A recent study in animal models underscores the role of these protective factors in Zika infection. Indira Mysorekar, a microbiologist at Washington University School of Medicine in Saint Louis, reported last week in Cell that mice engineered to be genetically or chemically deficient in interferons were more vulnerable to the damaging effects of Zika. She found that unlike other viruses like dengue, Zika appears to possess a unique predilection for the placenta. It pushes through multiple cellular barriers to reach the fetus, damaging the placenta along the way and prompting fetal demise in the most severe cases.

Mysorekar explains that the Zika virus seems to follow a kind of molecular homing signal on its path from mother to child. “It may be just one or two viruses that get through, but once they're in they are able to replicate. The cells are full of viruses,” she says. “It’s scary.”

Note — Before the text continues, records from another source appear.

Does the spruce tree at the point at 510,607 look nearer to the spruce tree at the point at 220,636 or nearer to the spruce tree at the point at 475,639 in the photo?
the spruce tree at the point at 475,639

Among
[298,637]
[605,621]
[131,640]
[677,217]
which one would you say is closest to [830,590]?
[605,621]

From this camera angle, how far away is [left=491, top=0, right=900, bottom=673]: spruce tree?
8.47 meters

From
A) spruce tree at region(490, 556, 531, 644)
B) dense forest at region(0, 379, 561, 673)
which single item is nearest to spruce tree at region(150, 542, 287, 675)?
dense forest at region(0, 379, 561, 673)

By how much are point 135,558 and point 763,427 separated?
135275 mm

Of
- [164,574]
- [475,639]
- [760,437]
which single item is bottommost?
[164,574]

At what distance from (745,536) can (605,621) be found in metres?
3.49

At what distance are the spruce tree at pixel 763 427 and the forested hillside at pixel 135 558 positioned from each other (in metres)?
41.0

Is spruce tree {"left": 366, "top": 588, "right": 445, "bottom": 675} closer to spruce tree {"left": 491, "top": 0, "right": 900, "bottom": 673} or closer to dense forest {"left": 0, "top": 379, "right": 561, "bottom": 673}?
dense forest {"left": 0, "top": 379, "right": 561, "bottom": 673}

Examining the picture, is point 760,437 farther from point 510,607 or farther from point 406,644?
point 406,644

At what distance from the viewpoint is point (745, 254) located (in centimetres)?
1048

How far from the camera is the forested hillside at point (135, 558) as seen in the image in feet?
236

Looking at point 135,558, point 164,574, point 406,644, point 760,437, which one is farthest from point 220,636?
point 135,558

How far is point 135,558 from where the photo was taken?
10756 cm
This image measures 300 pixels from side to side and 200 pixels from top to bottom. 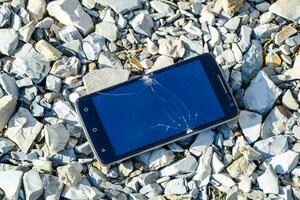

Although the mouse models in Mysorekar’s study mirrored many aspects of human Zika infection, they lacked two of Zika’s most devastating impacts: brain calcifications and microcephaly. Because nearly every placental mammal has its own unique placenta, the only way to know for certain what is happening in a person is to study one. Catherine Spong, a maternal fetal medicine specialist and acting director of the Eunice Kennedy Shriver National Institute of Child Health and Development, says work is already underway to adapt old technologies and invent new ones that can follow the human placenta as it grows, develops and functions alongside the fetus. But these approaches are years away from realization, providing little reassurance to women faced with the current Zika outbreak. As mosquito season quickly approaches, the virus will likely infect more women and endanger more babies.

Vikki Abrahams, a reproductive immunologist at Yale University, says scientists are only beginning to appreciate the ramifications of emerging infectious diseases like Zika. Even when these pathogens are unable to infect the placenta, they can still trigger a dangerous inflammatory response from the immune system that may lead to problems lasting well beyond pregnancy, including autism, schizophrenia, lower IQ and impaired social skills.

“It is not just nine months,” she says. “If we don’t have a good understanding about basic pregnancy and the basic questions about how the placenta functions, then we can’t understand when things go wrong or how to stop problems that arise, and the damage to mother and offspring will continue to perpetuate. It becomes a global problem affecting the general population.”